In general the percentage of both individual mutations and more complex combinations, was reduced in the second time period. They reported that 662 (93.9%) of raltegravir-resistant isolates had dolutegravir FC <10 and that only 13 isolates (1.8%) had dolutegravir FC >25. This was interpreted as reflecting prompt switching away from raltegravir in patients who developed early resistance on raltegravir-based combinations who did not achieve viral suppression to <50 copies/mL.

Most of these isolates retained sensitivity to dolutegravir with significantly reduced FC sensitivity to dolutegravir compared to raltegravir, but this was based on definitions for primary and secondary mutations that have since been updated based on the VIKING-3 results described above. [2] This study found a similar correlation to dolutegravir sensitivity based on presence of Q148 and contribution of additional changes at G140, E138 and L74.

comment

In addition to identifying the role of key integrase mutations more accurately and the likely response to dolutegravir, these results further caution against continuing to use raltegravir or elvitegravir in combinations that are not maximally suppressing viral load. Continued use increases the risk or more complex integrase resistance that will limit the option to use dolutegravir.

References:

All references are to the International Workshop on HIV and Hepatitis Virus Drug Resistance and Curative Strategies, 4-8 June 2013, Toronto.

http://www.intmedpress.com/journals/avt/abstract.cfm?id=2658&pid=88 (abstract book)

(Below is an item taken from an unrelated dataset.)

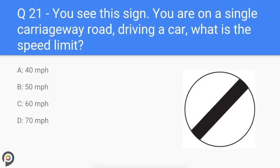Question twenty-one: you see this sign on a single carriageway road driving a car — what is the speed limit? In non-built-up areas you will see the national speed limit sign. This symbol rather than a number means different speeds apply to different vehicles and road types. On a single carriageway, the speed limit for a car is 60 miles per hour, and 70 miles per hour on a dual carriageway or motorway.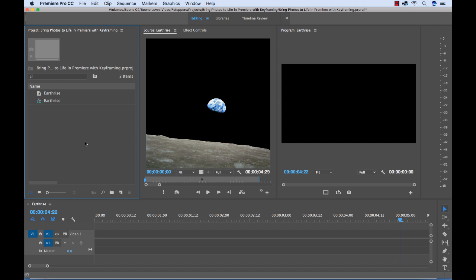What's up everybody? Boone here. Today I want to show you how you can bring your photographs to life in Adobe Premiere Pro using keyframes. So let's take a look at how we can bring this Earthrise photo to life in four simple steps.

1. Vavro C et al. Integrase genotypic and phenotypic predictors of antiviral response to dolutegravir (DTG) in subjects with resistance to integrase inhibitors (INIs). Oral abstract 29.
   http://www.informedhorizons.com/resistance2013/pdf/Presentations/Vavro.pdf (PDF slides)
2. Vavro C et al. Evolution of integrase in virus at protocol-defined virologic failure from the VIKING-3 study. Poster abstract 81.
3. Underwood M et al. Analysis and characterization of treatment-emergent resistance in ART-experienced, integrase inhibitor-naïve subjects with dolutegravir (DTG) vs raltegravir (RAL) in SAILING (ING111762). Oral abstract 21.
   http://www.informedhorizons.com/resistance2013/pdf/Presentations/Underwood.pdf (PDF slides)
4. Underwood M et al. Epidemiology of dolutegravir (DTG) resistance in ~700 RAL-resistant isolates. Poster abstract 85.